This post originally appeared on my Education Week Blog
I recently stumbled across a blog post from Jason Kottke titled The invention of the jump shot. As someone who has both played and coached basketball, I was intrigued a bit about the fact that there was actually a time when people shot the basketball without their feet leaving the floor. I couldn't help wondering what caused the change from the set shot to the jump shot.
My curiosity led me to an article by Brad Botkin of CBS Sports titled, Birth of the Jump Shot. Botkin detailed the story of Kenny Sailors, a guard from the University of Wyoming who took the first jump shot on record in a college basketball in 1942 during a game at Madison Square Garden. However, this trivial tidbit does not tell the story of why Sailors created the jump shot. This all happened a few years earlier when Kenny was just 13 and he was routinely getting his shots knocked back at him by his older brother Bud. Kenny, just 5-foot-8, needed a new plan to get a shot up over his 6-foot-5 brother. What followed of course was the jump shot.
However, what interested me as much as the ingenuity of the 13-year old boy who orchestrated the jump shot was the reaction of his older brother upon seeing this new tactic used against him. Here is an excerpt from Botkin's article where Kenny describes Bud's reaction:
Bud said to me, 'Kenny, that's a pretty good shot. You ought to try to develop that.' So from that point forward, that's pretty much what I did. I worked on that shot every chance I got."
I can't help thinking that if Bud had laughed his little brother off the court or chastised him for trying something so outlandish that Kenny would never have taken that shot at Madison Square Garden some eight years later. Where would the game of basketball be today? Interestingly enough, the jump shot still took some time to take off as a mainstream basketball move. In 1963, over 20 years after Kenny's historic shot, Hall-of-Famer Bob Cousy said the following prior to his final game with the Boston Celtics:
"I think the jump shot is the worst thing that has happened to basketball in ten years." Cousy's objections? "Any time you can do something on the ground, it's better."
As R. Kelly's I Believe I Can Fly echoes in my head, I have to smile at the irony in the fact that an innovative basketball player like Bob Cousy did not see the possibilities in the jump shot. What does this have to do with education? Like young Kenny Sailors, we need to move past the traditional mindset that got us to this point. History is full of examples of talented people like Bob Cousy who did not see the changes that were on the horizon. Let me remind you a few:
"Television won't be able to hold on to any market it captures after the first six months.

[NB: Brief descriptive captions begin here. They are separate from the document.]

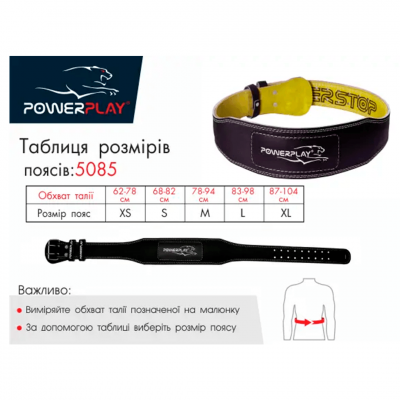 PowerPlay Пояс для важкої атлетики 5085 шкіра чорно-жовтий S PowerPlay Пояс для важкої атлетики 5085 шкіра чорно-жовтий S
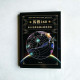 馬雅260—來自星際馬雅的能量訊息,20個圖騰X13個調性,跟隨宇宙大自然的頻率,回歸自己的生命之流 馬雅260—來自星際馬雅的能量訊息,20個圖騰X13個調性,跟隨宇宙大自然的頻率,回歸自己的生命之流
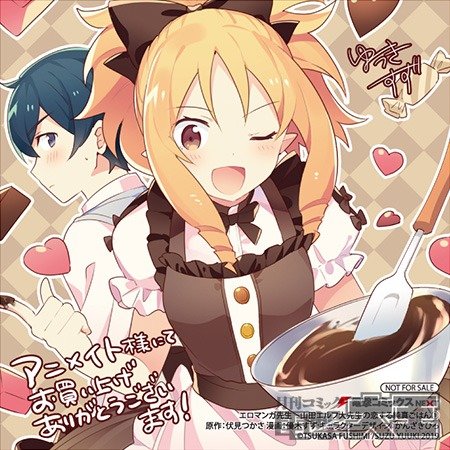 アニメイト」購入特典【複製ミニ色紙】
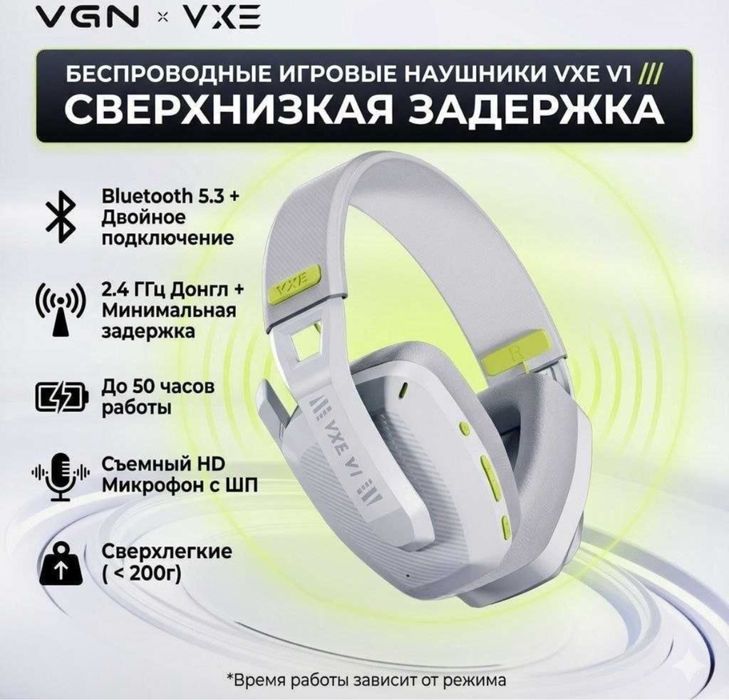 VGN VXE V1- Беспроводные игровые наушники!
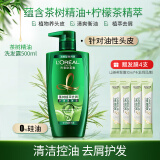 欧莱雅（LOREAL）洗发水露女无硅油茶树植萃去屑止痒净油控油洗头膏男女家庭装 控油去屑】茶树洗发水500ml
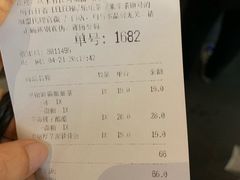 账单-LELECHA乐乐茶(美罗城店)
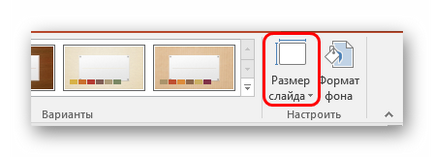 Як змінити розмір слайда в powerpoint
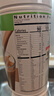 康宝莱（HERBALIFE）营养蛋白代餐奶昔750/780g美版 饱腹持久纤维多口味咖啡味 实拍图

People will soon get tired of staring at a plywood box every night." - Darryl Zanuck, executive at 20th Century Fox, 1946
"There is no reason that anyone would want a computer in their home." - Ken Olson - the founder of Digital Equipment Corporation, 1977
My final example is a bit of a challenge, fill in the blank on the following quote and then guess who said it...
"_________ will create forgetfulness in the learners' souls, because they will not use their memories." - ?
If you guessed the name of any 21st Century educator worrying about the impact of Google searches by his or her students then you are exactly...wrong. It was Socrates sometime around 400 BC worrying about the impact that writing was going to have on young scholars.
Of course this immediately brings to mind current disagreements about whether or not our students should be reading real books instead of digital books or whether they should take notes by hand instead of on a device. Maybe these are bad exammples. However, the one point I want to make is that we need to allow our students to veer from the path that we have taken. We need to be cautious about holding onto outdated traditions with white knuckles because they are what we are most comfortable with or because it worked for us. The bottom line is that this type of thinking will be to the detriment of our students. Most importantly, when we see our students trying new things that may be a bit unorthodox, we need to consider saying what Bud Sailors said to his little brother Kenny - "That's pretty good. You should develop that."